Он передал эту записку через Юрку Северского и незаметно скрылся в густой темноте июньской ночи. Сашенька, получив послание, бросилась искать Василька, но ни в школе, ни во дворе его уже никто не видел. Она заплакала от обиды и чувства, что навсегда потеряла что-то важное в своей жизни. До окончания школы ей предстоял еще целый год и долгие одиннадцать лет до следующей встречи с Васильком.

Глава V.

1963 год. Игра с Арчи.

Череда карточных побед, снежным комом обрушившаяся на Василька, когда он приехал в город S, не затуманила ему мозг, и была скорее попыткой заявить о себе, получить оценку внешнего мира, таким своеобразным адреналинообразующим хобби. Ему нравились карты за возможность развития важных навыков: памяти, логического мышления, тактики и стратегии, а риск и стоявший на кону выигрыш придавали и многократно усиливали его азарт. Он учился управлять эмоциями, холодно рассчитывая возможные вероятности в процессе игры, тренируя при этом самообладание и непроницаемость. Василек обладал колоссальной фотографической памятью и интуицией, легко срывая маску блефа с лица соперника. Чаще всего он играл в очко, покер и преферанс.

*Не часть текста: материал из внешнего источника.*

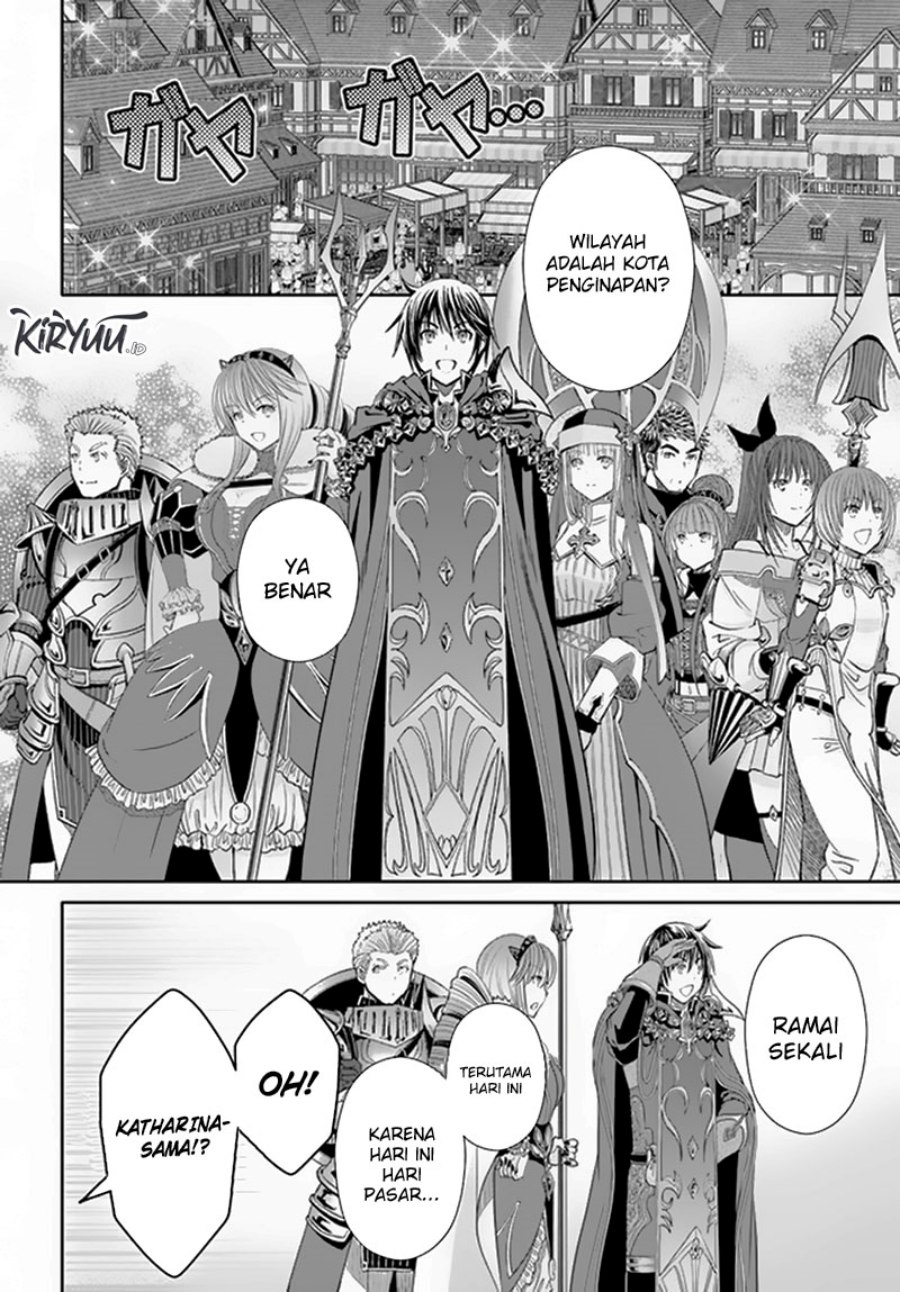 Hachinan Tte Sore Wa Nai Deshou Chapter 89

В тот вечер он сел за один стол с известным самарским авторитетом того времени, карточным королем, – армянином по имени Арчи, приехавшим погостить к родственникам в соседний город на Волге и до которого дошли слухи о молодом парне, не знающем поражений и поднимающем крупные суммы за раз. Арчи был своим в разных общественных кругах: от криминальных околотюремных до артистических – везде имел связи и контакты, а про поддержку и помощь дружной армянской диаспоре и взаимную любовь с ее стороны, – и говорить не приходилось. Одним словом, очень уважаемый человек. Играл он блестяще.

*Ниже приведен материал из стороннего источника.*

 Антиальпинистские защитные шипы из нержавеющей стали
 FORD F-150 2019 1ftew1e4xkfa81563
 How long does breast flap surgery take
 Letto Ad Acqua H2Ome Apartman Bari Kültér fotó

Они поздоровались за руку, почувствовав влажность ладоней, по-настоящему выдававшую силу волнения друг друга, пересеклись резкими взглядами двух пар карих глаз и синхронно сели за стол играть в очко. В повисшей тишине каждый слышал лишь стук собственного сердца, отбивающий эхо в ушах.

Жребий выбрал Арчи банкиром. Он, тщательно перетасовав и сняв карты, объявил уверенным голосом сумму банка в сто рублей, раздал по карте и Василек сделал ставку. Первой ему пришла восьмерка. Арчи посмотрел свою – туз. Он сдал по второй. У Василька – десятка. Арчи не сводил глаз с колоды, словно загадывая нужную карту, перевернул, тоже десять. Он набрал особую комбинацию – натуральное очко, 21 из двух карт – туза и десятки. Довольно выдохнув, выпрямил спину и расслабленно откинул голову назад. Василек напрягся, взмок, проигрывать он не привык. Повышая ставки, сыграли еще и еще. Напряжение нарастало с каждой раздачей карт, они собрали банк до «стука» – суммы, втрое превышающей первоначальную ставку банкира, – триста рублей. Неотвратимо близился финал. Горячий армянин нервозно покашливал. Пошел последний круг. Первой у Василька зашла семерка, потом еще одна, он ждал третью, но пришла дама, в сумме 17 очков. Следующая карта была рискованной в этой ситуации. Ему нужен был валет или король, либо остановиться. Он прищурил глаза, как всегда в ответственные моменты, работая с памятью, пухлые губы превратил прикусом в нить и стал мысленно перебирать все карты, вышедшие из игры. Это растянулось, как ему казалось, в вечность, но заняло не более минуты времени, в висках стучало. И тут Василька осенило: «Король спасет даму!», он вспомнил вдруг девочек из своего видения и странную фразу, сказанную одной из них. Да, теперь он был уверен, следующим будет король, и попросил еще карту. Арчи сдал. Это был король, Василек сорвал банк.

 

Не передать словами, что происходило у него в душе. Он возвращался домой, покачиваясь, словно пьяный, смеялся и вытирал краем ладони влажные глаза, благодарил девочек за подсказку и понимал неслучайность происходящего.

«Это был не просто Его величество случай», – все больше убеждался он.

2– стихи Василия Васильевича Бегишева.
3– стихи Василия Васильевича Бегишева.
4– стихи Василия Васильевича Бегишева.
5– стихи Василия Васильевича Бегишева.